Reggie turned and did a quick sweep of the room. The closet door was closed. She opened it slowly, standing off to the side. Nothing. Only a few old dresses on hangers and the smell of mothballs.

“Let’s get a pillow behind you,” Reggie said, going back over to the bed. “You don’t look very comfortable. Hand me the bell.”

Reggie took the brass bell, and something else fell out of her mother’s hand. A tiny scrap of paper fluttered down onto the covers.

“What’s this?” she asked, picking it up from the damp tangle of sheets. It was a small square of newsprint, neatly folded. Reggie opened it up to discover the article from yesterday’s
Examiner
:
HAS NEPTUNE RETURNED TO BRIGHTON FALLS
? The edges neatly cut.

“Where did you get this?” Reggie asked. “Did Lorraine give it to you?”

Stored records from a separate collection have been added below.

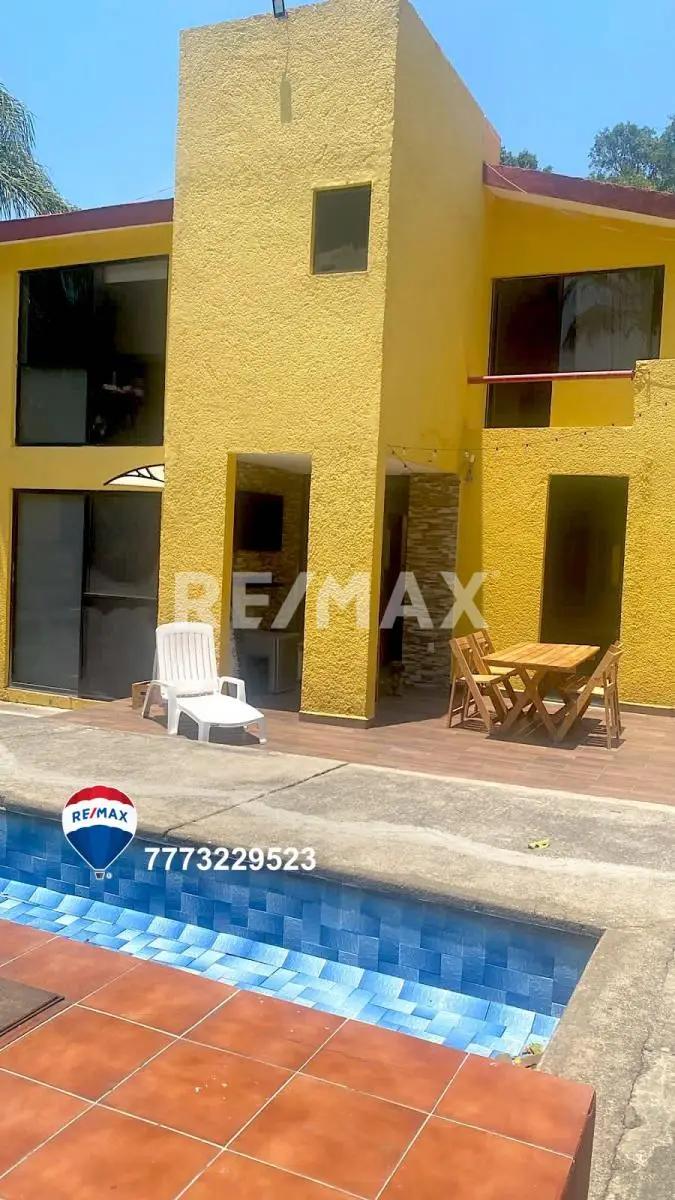 secondary property images 0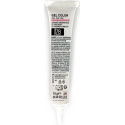 Colorante in gel rosa, Foodgrade Gel Color Pink Silikomart, tubetto in plastica 15 g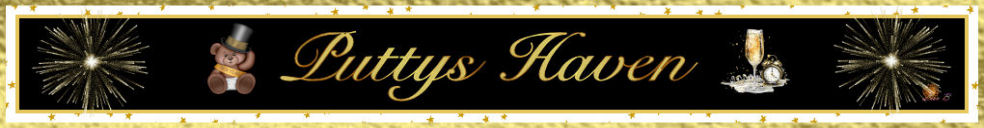 Puttys Haven of Wizards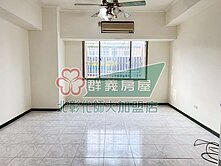 近彰師大旁正中山路樓店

Reggie looked back down at the article and saw that at the very bottom of the page, someone had printed a message in blue ink, using neat block letters:

REGINA WILL BE NEXT

She took in a gasping breath, as if stung.

Vera shook her head. “He did.”

“Mom, for God’s sake, who is ‘he’? Who are you talking about?”

“There was a crooked man and he walked a crooked mile,” Vera whispered.

Reggie’s whole body was vibrating with panic like a tuning fork. She heard footsteps creeping in the hallway, moving toward them. She looked for a weapon and picked up the lamp on her mother’s bedside table.

“Thought I’d see if I could lend a hand,” Lorraine said as she came into the room in her fluffy terry cloth robe. “Trouble with the light?”

“I’ll be right back,” Reggie said, setting the lamp down, hurrying past her aunt, down the halls and downstairs to the kitchen, still clutching the newspaper clipping. The table was cleaned off and she went for the recycling bin next to the garbage can.

“Are you okay?” Lorraine asked. She’d followed Reggie down to the kitchen and now stood, looking perplexed as Reggie pawed through junk mail, juice bottles, and tuna cans.